What is the explanation for the big rise in the number of claimants placed in the LCWRA and LCW groups?

The consultation document states that: 

“The proportion of Limited Capability for Work and Work-related Activity (LCWRA) outcomes at WCA has risen significantly since the activities and descriptors were last reviewed, from 21% in 2011 to 65% in 2022.”

In his conference speech, referring to these figures, Rishi Sunak asked:

“Are people three times sicker today than they were a decade ago?

 “No, of course not …it is not fair on taxpayers who have to pick up the bill…”

And yet, neither Sunak nor the DWP have made any attempt to discover why the numbers have increased so dramatically.  Or if they have, they are keeping it secret.

After all, claimants can’t make the decision about which group they are put in.  The DWP does that. So, it’s the DWP who have trebled the number of people in those groups.

So, what has changed?

Have they altered the guidance to assessors over the years?

Has the massive rise in hospital waiting lists played a part?

Or the lack of mental health treatment, especially for young people?

Or the pandemic?

The important question is:  should the DWP be making massive changes to the WCA when they haven’t published any research on the causes of the problem they are supposedly trying to fix?
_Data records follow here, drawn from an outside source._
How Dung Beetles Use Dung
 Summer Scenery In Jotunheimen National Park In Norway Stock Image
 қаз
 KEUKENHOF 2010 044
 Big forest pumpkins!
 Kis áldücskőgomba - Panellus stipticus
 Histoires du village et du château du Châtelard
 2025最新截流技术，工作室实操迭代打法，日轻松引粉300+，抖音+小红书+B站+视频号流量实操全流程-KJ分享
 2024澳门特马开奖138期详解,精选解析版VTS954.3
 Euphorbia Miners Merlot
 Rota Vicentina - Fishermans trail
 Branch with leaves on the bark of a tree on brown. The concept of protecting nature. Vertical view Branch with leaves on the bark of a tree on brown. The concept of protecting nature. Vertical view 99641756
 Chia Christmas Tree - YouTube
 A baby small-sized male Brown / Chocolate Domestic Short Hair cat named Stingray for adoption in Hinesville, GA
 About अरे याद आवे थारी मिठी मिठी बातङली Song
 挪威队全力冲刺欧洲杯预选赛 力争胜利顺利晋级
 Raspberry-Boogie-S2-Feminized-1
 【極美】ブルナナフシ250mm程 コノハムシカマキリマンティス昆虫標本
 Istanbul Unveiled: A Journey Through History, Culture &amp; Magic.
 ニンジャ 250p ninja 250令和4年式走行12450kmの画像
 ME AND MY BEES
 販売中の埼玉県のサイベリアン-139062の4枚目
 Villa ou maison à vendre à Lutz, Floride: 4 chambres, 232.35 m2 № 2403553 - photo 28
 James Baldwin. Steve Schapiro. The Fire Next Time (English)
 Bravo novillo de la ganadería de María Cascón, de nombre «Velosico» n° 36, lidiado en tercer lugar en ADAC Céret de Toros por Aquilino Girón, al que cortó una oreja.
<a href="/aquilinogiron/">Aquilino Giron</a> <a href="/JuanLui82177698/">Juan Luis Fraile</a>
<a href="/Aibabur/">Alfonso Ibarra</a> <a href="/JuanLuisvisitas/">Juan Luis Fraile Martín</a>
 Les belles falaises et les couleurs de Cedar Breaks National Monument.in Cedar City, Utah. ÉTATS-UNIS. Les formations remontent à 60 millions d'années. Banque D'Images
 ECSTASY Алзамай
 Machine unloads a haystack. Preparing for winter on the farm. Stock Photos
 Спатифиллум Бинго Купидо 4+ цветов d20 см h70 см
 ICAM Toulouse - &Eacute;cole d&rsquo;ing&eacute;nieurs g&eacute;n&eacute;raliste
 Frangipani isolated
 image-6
Will ‘firm sanctions’ help disabled claimants get into work?

Mel Stride, the secretary of state for work and pensions promised his party conference

“a far more demanding approach with claimants at particular risk of becoming long-term unemployed.  This includes far more frequent work-focused requirements, with firm sanctions for those who fail to fulfil their commitments and more support for those who need it.”.

Will sick and disabled claimants who no longer score enough points under the new WCA be regarded as at risk of becoming long-term unemployed and thus subject to a much harsher sanctions regime?

Will private sector style bonuses for Jobcentre staff help sick and disabled claimants into work?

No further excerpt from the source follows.